§ Required work: Starting with the line below that holds "Maria's Mega Maximized" and stopping after the line that holds "Gi&agrave;y mules cao", transcribe the lines exactly, leaving out all pictures.

§ Record excerpts:
* * * *
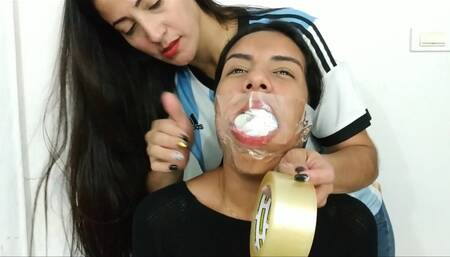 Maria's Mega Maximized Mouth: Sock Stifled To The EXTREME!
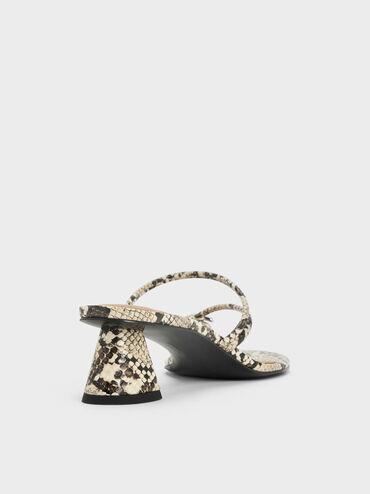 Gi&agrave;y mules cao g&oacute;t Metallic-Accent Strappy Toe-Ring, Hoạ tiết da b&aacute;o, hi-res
* * * *
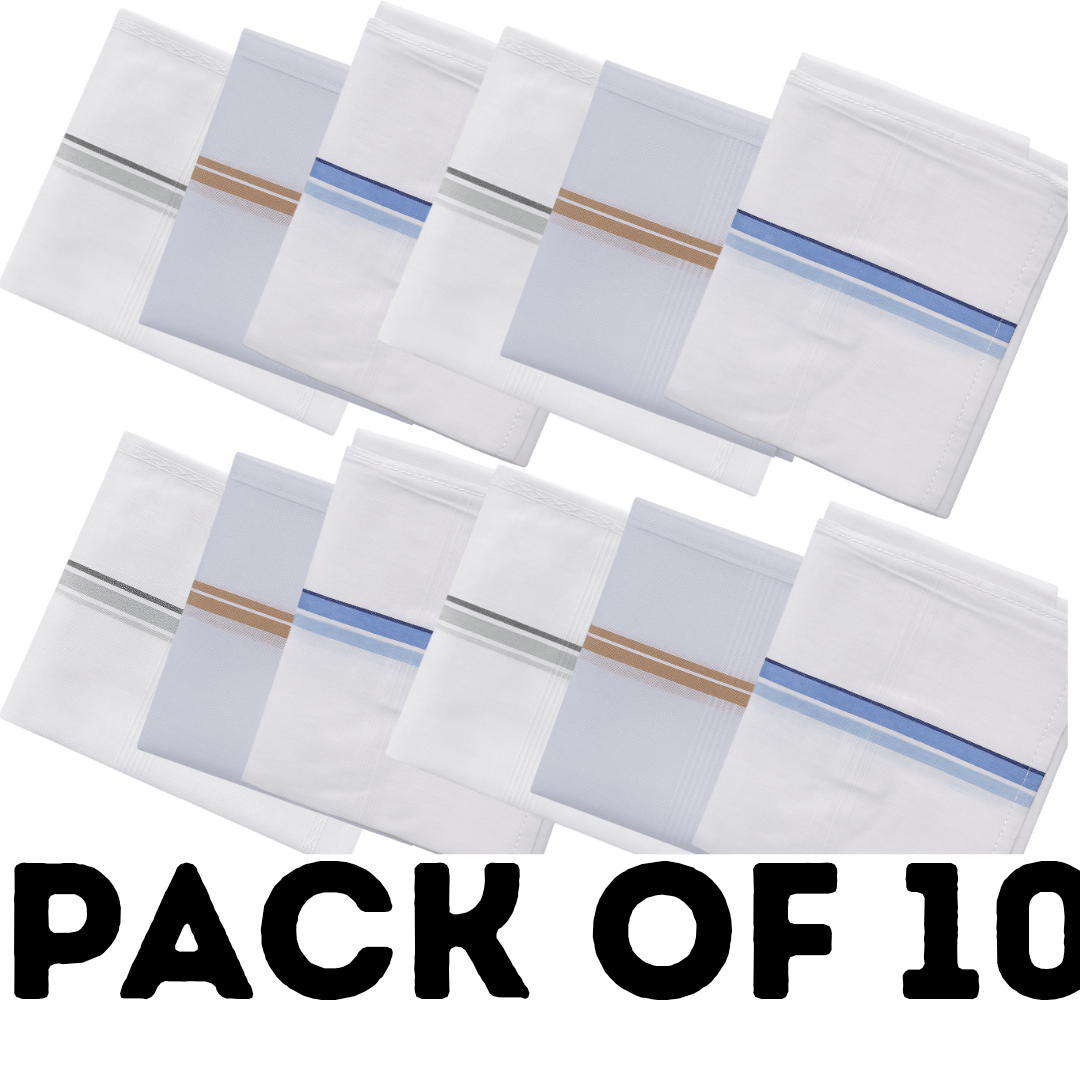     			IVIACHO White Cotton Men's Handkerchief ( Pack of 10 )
* * * *
§ Solution to this problem:
 Maria's Mega Maximized Mouth: Sock Stifled To The EXTREME!
 Gi&agrave;y mules cao g&oacute;t Metallic-Accent Strappy Toe-Ring, Hoạ tiết da b&aacute;o, hi-res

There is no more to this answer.